Biblical sites are very important to both history and religion, and a new one will be open to the public for the first time in 2,000 years.
The Pool of Siloam is an archaeological site in Jerusalem, Israel, that is in the southern part of the City of David. It is said to be where Jesus told a blind man that he could see and where a miracle happened.
The Bible says that the man was born blind and that Jesus put mud on his eyes and told him to wash them in the Pool of Siloam.
He did this, and it was the first time in his life that he could see.
Because of the story, the site is very important to both Christians and Jews, and it is expected to open either all at once or in parts over the next few years.
Archaeologists are currently digging up the site, and the new tourist attraction will give people a chance to see how things are going.
Some people have already been able to see the pool where the miracle is said to have happened, as reported by a source. However, more work needs to be done before the area looks like it does in the Bible.

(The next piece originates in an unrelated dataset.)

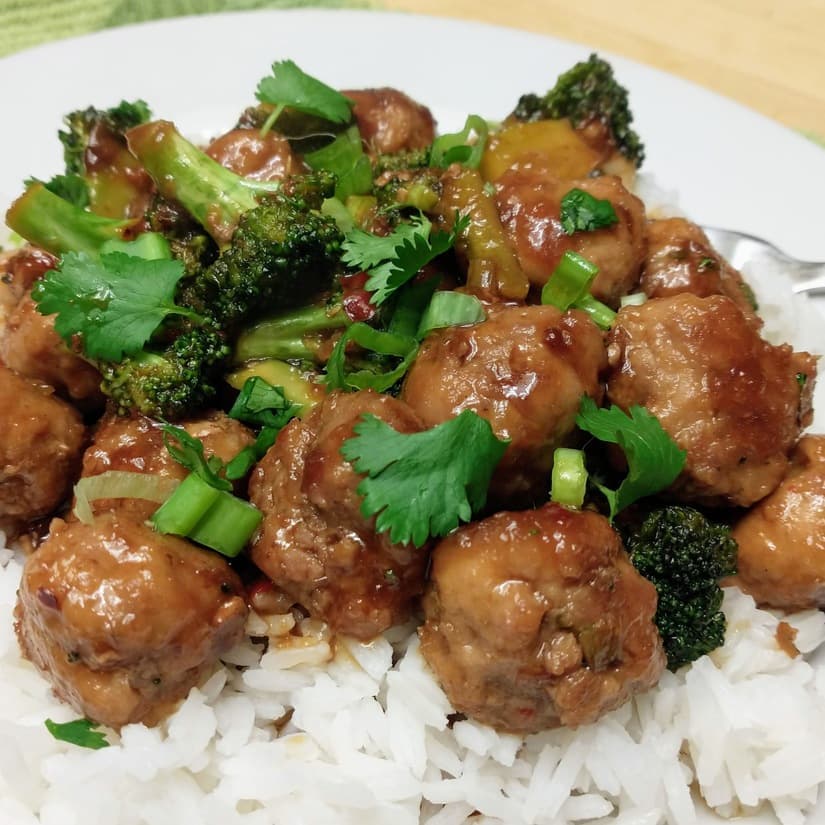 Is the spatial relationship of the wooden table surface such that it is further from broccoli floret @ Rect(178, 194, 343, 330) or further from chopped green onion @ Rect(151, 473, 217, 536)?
chopped green onion @ Rect(151, 473, 217, 536)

The mayor of Jerusalem, Moshe Lion, said this about the opening:
The Pool of Siloam in the City of David National Park in Jerusalem is a site of historic, national and international significance.
After many years of anticipation, we will soon merit being able to uncover this important site and make it accessible to the millions of visitors visiting Jerusalem each year.
At the end of 2022, The Israel Antiquities Authority, the Israel National Parks Authority, and the City of David Foundation all announced that the site would open.
John Hagee, an American pastor, said:
The Pool of Siloam’s excavation is highly significant to Christians around the world.
It was at this site that Jesus healed the blind man (John:9), and it is at this site that, 2,000 years ago, Jewish pilgrims cleansed themselves prior to entering the Second Temple.
But even though the site is best known for its importance in the Bible, it was there before Jesus and was part of Jerusalem’s water system about 2,700 years ago.
Back then, the pool was a storage area for water from the Gihon Spring, and underground tunnels were used to move the water.